The PAN, or Personal Area Network, is a low-power, short-range network. Examples of PAN are infrared, Bluetooth, and security networks. The low-power transmitter or Access Point (AP) is wired back to the Internet. However, a PAN can omit an AP and connect devices directly to one another, sending voice and data. It might seem absurd to design a network with a short range. But consider this as the ultimate microcellular division of space, whose room-sized range keeps it from having "conversations" with devices in the next room. The simplest PAN replaces computer, printer, and keyboard cables. It allows nearby machines to communicate data and coordinate services over their wireless network and synchronize data. A PAN web phone works as an antenna to a nearby laptop, transparently passing on email. A set of complying machines go through a discovery protocol, define their own applications, and are often called a federation of devices. Discovery involves exchanging device identities and service capabilities between devices. It also means waking up any relevant information that may be available. A simple example of a device federation is a handheld with a wireless scanner and wireless printer to administer inventory. PAN devices include sensors, scanners, monitors, magnetic card readers, wireless cameras, radio pens, and wireless GPS antennas, which all conspire to increase the operating purposes of wireless devices.

Infrared data (IrDA) is a popular way for handhelds to exchange data or to wirelessly print using strictly a point-to-point, 4-meter line-of-sight connection. Bluetooth is a low-power personal wireless voice and data network that has a range of 10 meters. A Bluetooth PAN, called a piconet, can connect eight devices. It features automatic synchronization and can pass data or voice stream. Any Bluetooth connection can support both data (asynchronous) and voice (synchronous) communications with a total bandwidth of 723 Kbps, including a 57.6 Kbps back channel. Bluetooth devices fit within profiles established by the Bluetooth SIG. Bluetooth profiles provide general characteristics for families of Bluetooth devices.

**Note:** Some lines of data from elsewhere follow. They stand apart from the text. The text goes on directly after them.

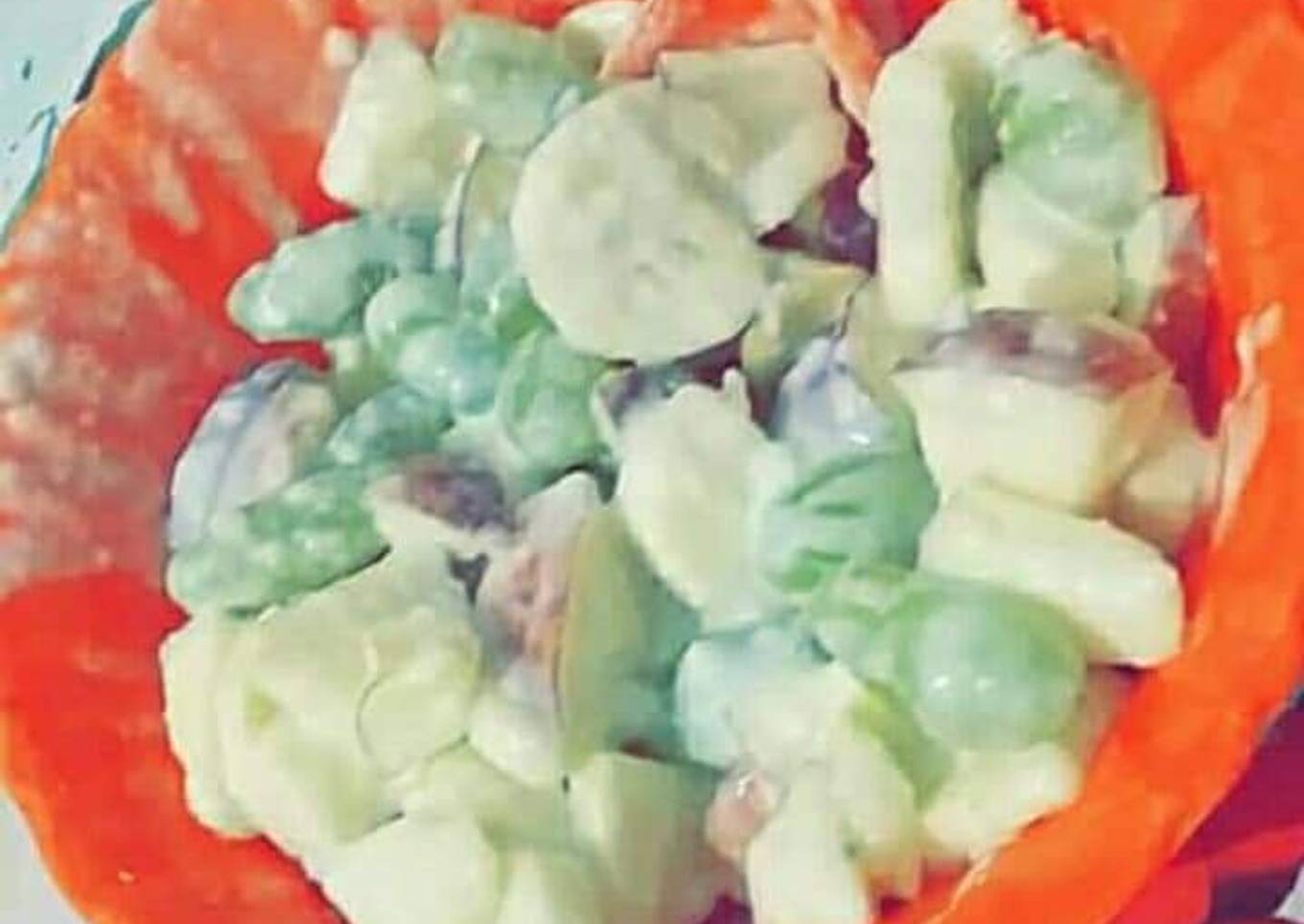 Fruit mayonese salad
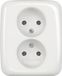 Busch-Jaeger ABB Busch-Jaeger Reflex SI Wandcontactdoos Wit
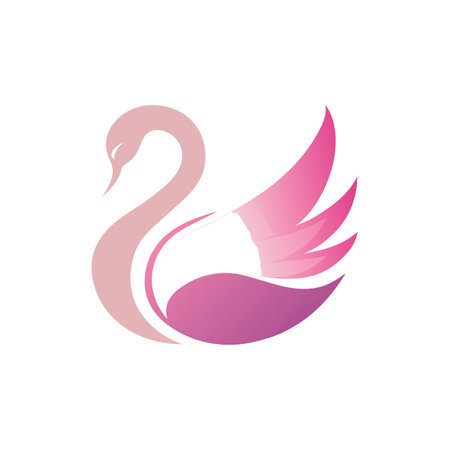 Colorful Bird Gradient Logotype Vector Illustrationのイラスト素材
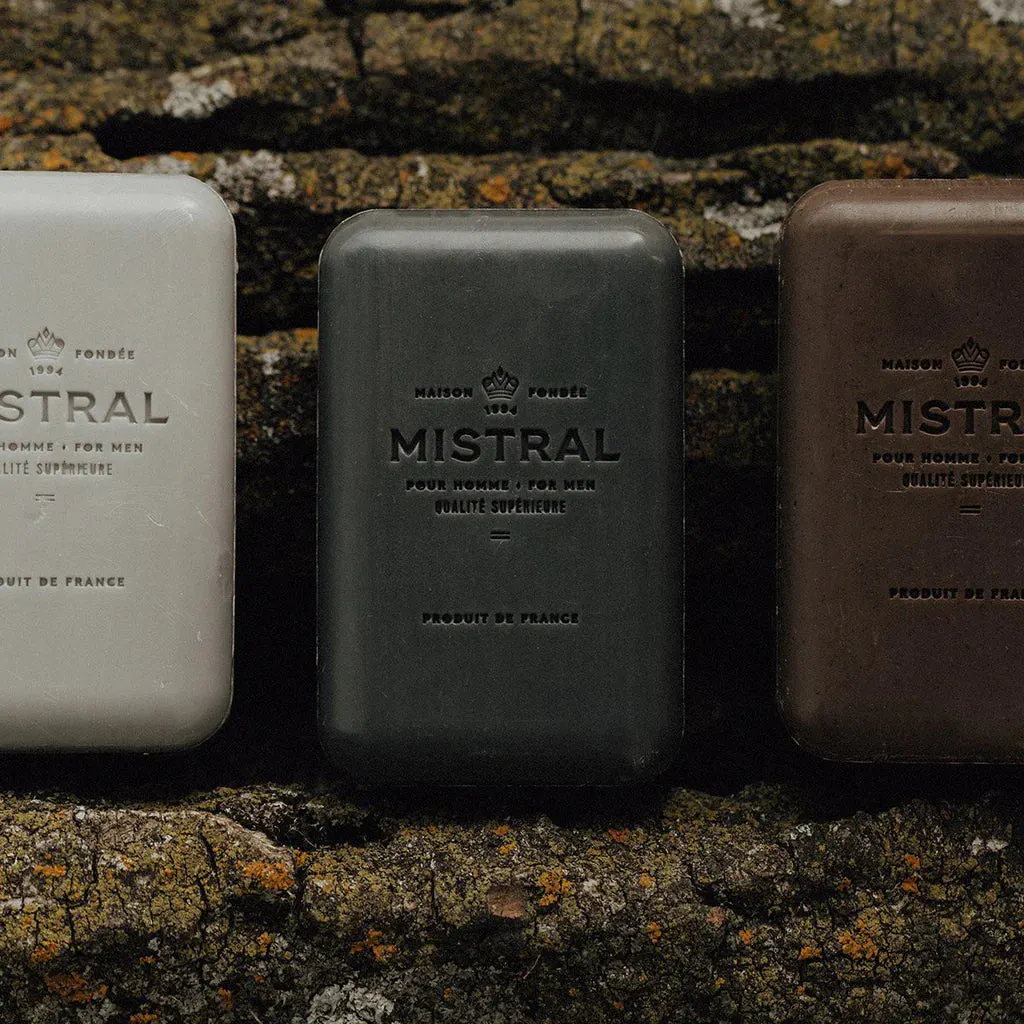 Mistral Cedarwood Marine Bar Soap 250g, view 2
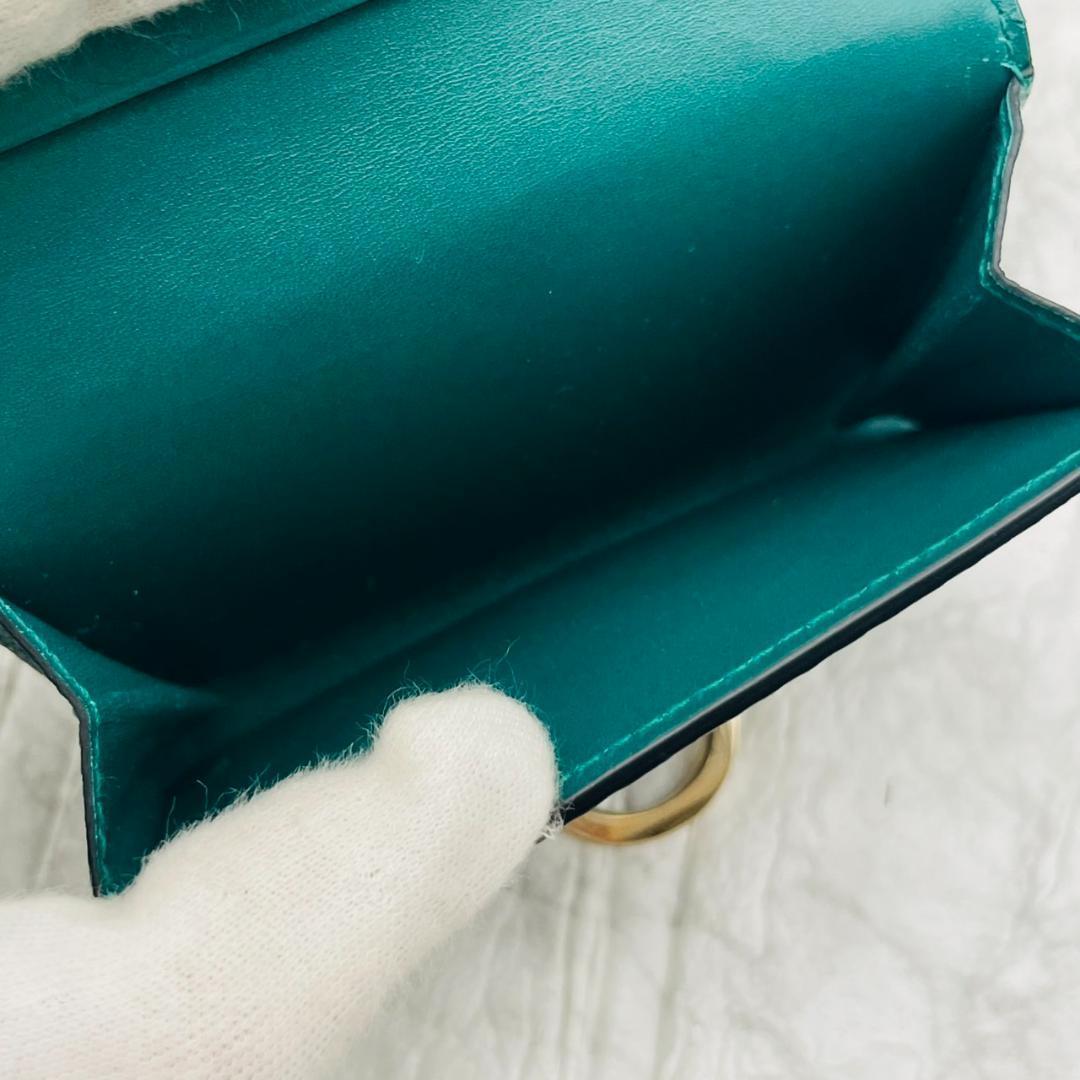 希少✨極美品/RFID搭載 BVLGARI カードケース　パイソン サークルロゴ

Future directions for PAN include the creation of "body antennas," work being done between IBM and MIT. On a more serious level, IEEE 802.15 is a new version of the Bluetooth specification. It specifies a version of Bluetooth that will allow 802.11 and 802.15 networks to work together. It also runs at 20 Mbps, exceeding Bluetooth. 802.15 was driven in part by Eastman Kodak Co., which required a wireless format to support downloading photos from a digital camera.